O Sr. Soichiro Honda era filho de um ferreiro. Começou o seu negócio de reparação de automóveis na megametrópole de Tóquio nos anos 30; passada a II Grande Guerra, fundou a Honda Motor Corporation, em 1948, com o objectivo de abastecer o frenético mercado da reconstrução pós-guerra com soluções práticas, criativas e económicas, capazes de satisfazer as necessidades de mobilidade dos consumidores, agora cada vez mais concentrados nos grandes centros urbanos. Começou por reutilizar motores de pequena dimensão para complementar a força da pedalada nas bicicletas, inventando a bicicleta-motorizada. Uns anos mais tarde, surge a "Dream", a primeira motorizada de 3 cavalos e 100 centímetros cúbicos inteiramente concebida pela Honda; este prodígio do design industrial transformou-se num autêntico objecto de culto. Daí até à CB750, a famosa 4 cilindros com que conquistou o mercado americano a partir de 1969, foi um passo do tamanho do Pacífico. A Honda é líder mundial no mercado de motocicletas.

Há uma ironia sádica no facto de a central nuclear japonesa de Fukushima recolocar na agenda a questão da energia atómica; desta vez, não foi uma bomba lançada por um avião americano que pulverizou toda uma região, mas um tremor de terra e maremoto, desastres naturais, a que se somou o sinistro incidente em Fukushima, o vigésimo acidente grave em 50 anos, abrangendo países da Grécia aos Estados Unidos, passando pela Alemanha, até ao tenebroso Chernobyl, na Ucrânia, em 1986.

"Não se esqueçam da Rosa de Hiroshima, a rosa heriditária, a rosa radioactiva, estúpida e inválida, (...) a anti-rosa atómica, sem cor, sem perfume, sem nada" diz Vinicius de Morais na letra da canção "Rosa de Hiroxima", brilhantemente imortalizada pela voz de Ney Matogrosso. Energia atómica? Não, obrigado; a História já tratou de confirmar que o assunto ultrapassa as militâncias, os partidarismos, as defuntas ideologias - simplesmente, não é coisa que se possa pôr sujeita aos desastres naturais e muito menos aos desastres humanos.

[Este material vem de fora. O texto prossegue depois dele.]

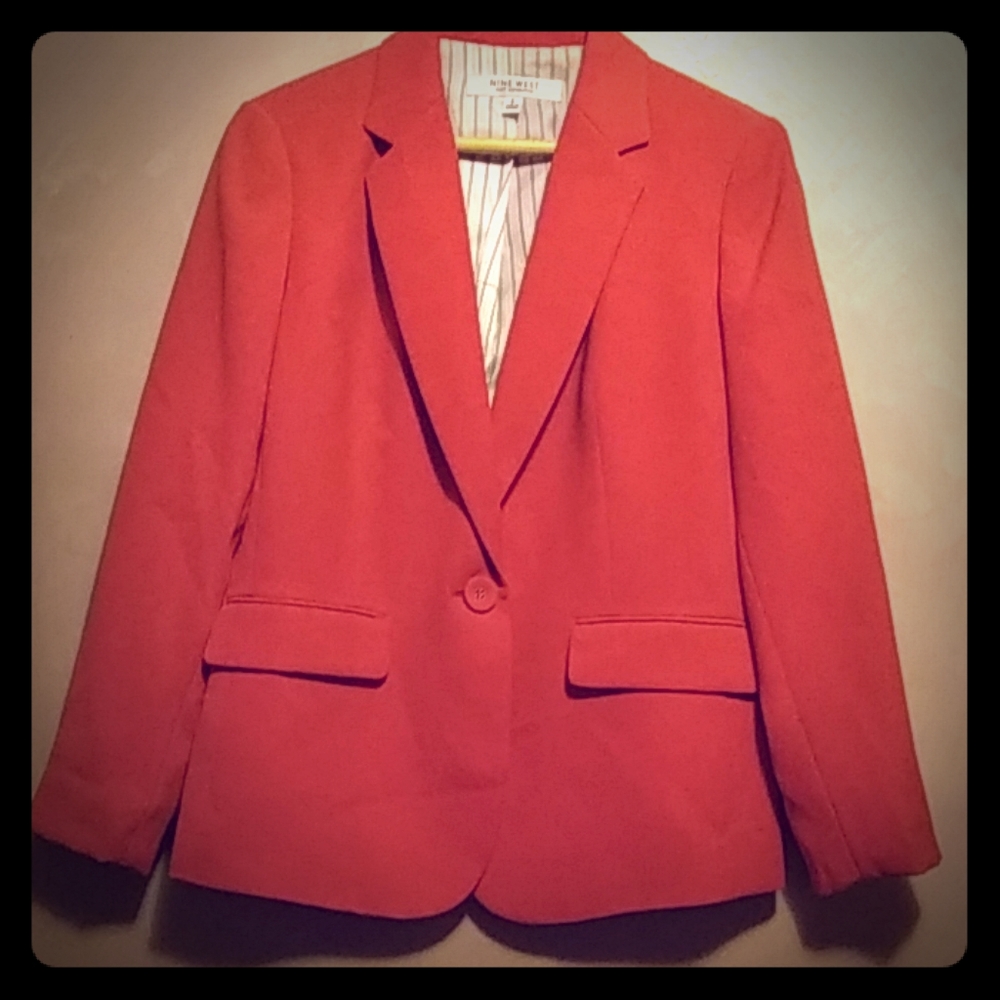Suit seperate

PS - esta crónica não contém qualquer referência directa às recentes declarações de Nicolas Sarkozy, presidente da segunda potência nuclear mundial, a França, de forma deliberada. Essas declarações, defendendo a invitabilidade do nuclear e o seu fomento futuro, foram proferidas em solo japonês, perante uma população que luta desesperadamente por conter a(s) tragédia(s), a bem, inclusivamente, da sua propagação a países europeus. Assim sendo, a verborreia encomendada do sr. presidente (que eficiente serventuário!) entra no território do nojo e da obscenidade; pertenceria, portanto, a um artigo sobre a decadência moral do Velho Continente, a tal decadência que trouxe a Guerra. E depois a Bomba.